Anyone know how to filter misspellings from the suggest result set?
This query finds good suggestions but also includes partial misspellings. e.g. "comercial morgage" returns "commercial mortgage", which is good, but also "comercial mortgage", which is bad because the comercial term is still wrong.
{
"suggest" : {
"text" : "comercial morgage",
"simple_phrase" : {
"phrase" : {
"analyzer" : "standard",
"field" : "title.raw",
"max_errors" : 0.8,
"size" : 3,
"highlight": {
"pre_tag": "<em>",
"post_tag": "</em>"
},
"collate": {
"query": {
"match": {
"title.raw" : "{{suggestion}}"
}
},
"prune": true
}
}
}
}
}
This returns
{
"took": 42,
"timed_out": false,
"_shards": {
"total": 5,
"successful": 5,
"failed": 0
},
"hits": { ... },
"suggest": {
"simple_phrase": [
{
"text": "comercial morgage",
"offset": 0,
"length": 17,
"options": [
{
"text": "commercial mortgage",
"highlighted": "<em>commercial mortgage</em>",
"score": 0.0025874644,
"collate_match": true
},
{
"text": "commercial mortgages",
"highlighted": "<em>commercial mortgages</em>",
"score": 0.0022214006,
"collate_match": true
},
{
"text": "comercial mortgage",
"highlighted": "comercial <em>mortgage</em>",
"score": 0.0019709675,
"collate_match": true
}
]
}
]
}
}
The collate_match for "comercial [em]mortgage[/em]" is true even though this exact phrase does not appear in any document title.

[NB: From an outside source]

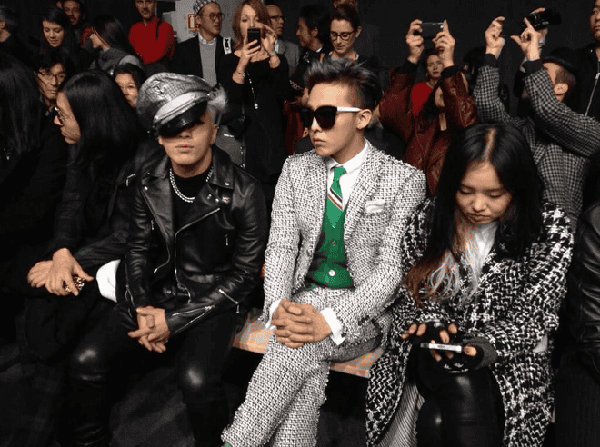 G-Dragon tại các sàn runway tầm cỡ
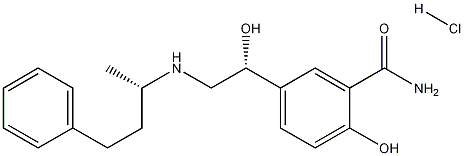 Benzamide, 2-hydroxy-5-(1-hydroxy-2-((1-methyl-3-phenylpropyl)amino)ethyl)-, monohydrochloride, (R,S)-|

The scores are quite low and very similar so I can't filter by a score.
Currently it looks OK on the final page because I use a little javascript to show only results the are surrounded by the [em/] tag but this is a hack and not very nice.
The version of elasticsearch is 1.5.3 but we will probably upgrade soon so I can't use filters in a suggestion.
Does anyone know how to filter/prune any suggestions that do not exist in the title.raw field?
Thanks.